Она бросает на меня быстрый тяжелый взгляд. И молчит.
– Кровотечение бывает венозное, артериальное, паренхиматозное, капиллярное, – отвечаю сам. Ну и в итоге рассказываю ей вкратце всю прошлую тему. А что еще делать?
Она лишь в конце нарушает молчание:
– Ты надо мной издеваешься?
– Даже мысли не было.
– Тогда что тебе от меня нужно? Больше меня ссорить не с кем. Я и так одна, меня и так все ненавидят…
– А тебе нужно, чтобы тебя все любили? Тогда зачем ты выступала против всех? Где логика?
Она снова бросает на меня взгляд, на этот раз долгий и полный ненависти. И ничего не отвечает.
– Новая тема – переломы, – вполуха слышу Бурунова. – Какие бывают… симптомы… первая помощь…
Третьякова открывает тетрадь и начинает писать под диктовку. А я наблюдаю за ней.
– Герман Горр! – окликает меня ОБЖшник. – Почему не записываешь? Всё уже знаешь?
– Ну да.
– В таком случае к доске. Вместе с Третьяковой. Продемонстрируешь наглядно свои знания.
Третьякова, встрепенувшись, округляет глаза, но возражать ему не смеет. Мы оба подходим к нему, только она заметно нервничает.

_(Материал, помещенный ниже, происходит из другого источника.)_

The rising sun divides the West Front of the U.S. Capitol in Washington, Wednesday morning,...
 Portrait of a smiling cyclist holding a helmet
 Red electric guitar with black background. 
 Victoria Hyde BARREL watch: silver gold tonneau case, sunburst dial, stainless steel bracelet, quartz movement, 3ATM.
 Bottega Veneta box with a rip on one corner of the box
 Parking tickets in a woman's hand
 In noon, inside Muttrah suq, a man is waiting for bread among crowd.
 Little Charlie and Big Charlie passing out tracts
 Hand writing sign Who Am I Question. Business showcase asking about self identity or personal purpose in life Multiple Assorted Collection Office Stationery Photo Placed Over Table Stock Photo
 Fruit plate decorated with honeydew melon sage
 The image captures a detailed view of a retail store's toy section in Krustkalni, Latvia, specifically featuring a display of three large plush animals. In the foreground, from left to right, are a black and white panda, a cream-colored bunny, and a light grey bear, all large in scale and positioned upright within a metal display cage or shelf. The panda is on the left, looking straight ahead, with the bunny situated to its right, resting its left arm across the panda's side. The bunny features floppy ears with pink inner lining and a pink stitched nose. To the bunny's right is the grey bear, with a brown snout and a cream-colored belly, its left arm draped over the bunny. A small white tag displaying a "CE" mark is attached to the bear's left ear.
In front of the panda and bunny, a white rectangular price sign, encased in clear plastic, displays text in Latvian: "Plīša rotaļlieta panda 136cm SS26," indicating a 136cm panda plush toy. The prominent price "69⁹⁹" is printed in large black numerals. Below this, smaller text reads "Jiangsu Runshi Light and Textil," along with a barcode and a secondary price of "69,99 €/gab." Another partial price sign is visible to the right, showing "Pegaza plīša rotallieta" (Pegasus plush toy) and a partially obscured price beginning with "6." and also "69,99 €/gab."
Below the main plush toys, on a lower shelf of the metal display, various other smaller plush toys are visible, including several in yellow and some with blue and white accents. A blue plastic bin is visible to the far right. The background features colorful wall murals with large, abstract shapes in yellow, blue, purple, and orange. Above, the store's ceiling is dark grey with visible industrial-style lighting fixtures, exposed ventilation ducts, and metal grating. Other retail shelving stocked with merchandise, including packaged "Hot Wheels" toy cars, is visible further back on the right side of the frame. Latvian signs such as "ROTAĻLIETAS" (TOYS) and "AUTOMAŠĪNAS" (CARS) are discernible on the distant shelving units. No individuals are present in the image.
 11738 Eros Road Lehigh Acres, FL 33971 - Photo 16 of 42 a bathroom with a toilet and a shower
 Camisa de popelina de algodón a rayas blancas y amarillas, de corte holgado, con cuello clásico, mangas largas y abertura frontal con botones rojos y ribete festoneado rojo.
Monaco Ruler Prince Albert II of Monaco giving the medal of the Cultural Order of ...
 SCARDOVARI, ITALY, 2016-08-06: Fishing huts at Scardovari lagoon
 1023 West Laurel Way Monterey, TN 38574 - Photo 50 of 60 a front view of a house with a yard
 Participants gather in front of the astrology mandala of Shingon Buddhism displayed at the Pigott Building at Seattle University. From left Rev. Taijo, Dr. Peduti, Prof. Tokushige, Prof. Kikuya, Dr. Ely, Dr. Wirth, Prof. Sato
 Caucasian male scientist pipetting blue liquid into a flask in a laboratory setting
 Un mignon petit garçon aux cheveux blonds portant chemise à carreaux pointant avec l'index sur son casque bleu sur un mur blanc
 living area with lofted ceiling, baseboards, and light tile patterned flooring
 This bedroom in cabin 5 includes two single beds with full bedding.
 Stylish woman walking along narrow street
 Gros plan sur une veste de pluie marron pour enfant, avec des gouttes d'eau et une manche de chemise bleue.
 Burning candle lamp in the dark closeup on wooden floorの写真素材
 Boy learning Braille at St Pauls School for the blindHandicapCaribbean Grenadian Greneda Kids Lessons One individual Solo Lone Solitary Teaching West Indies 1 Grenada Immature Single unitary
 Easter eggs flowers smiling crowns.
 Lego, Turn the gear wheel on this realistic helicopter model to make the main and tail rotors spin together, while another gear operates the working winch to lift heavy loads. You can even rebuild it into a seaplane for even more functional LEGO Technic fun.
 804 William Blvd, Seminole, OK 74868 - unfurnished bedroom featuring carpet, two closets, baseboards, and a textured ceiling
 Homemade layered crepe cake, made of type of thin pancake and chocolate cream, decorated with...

Бурунов выдвигает на середину кушетку, на которой обычно показывает нам эту самую первую помощь чаще на манекене, но иногда и на ком-то из наших. И объявляет:
– Третьякова ложится. У нее сломана голень.
Она стоит в нерешительности, и он повышает голос:
– Третьякова ложится!
Она, поколебавшись, присаживается, а затем вытягивается вдоль кушетки. А я стою над ней, как на сцене.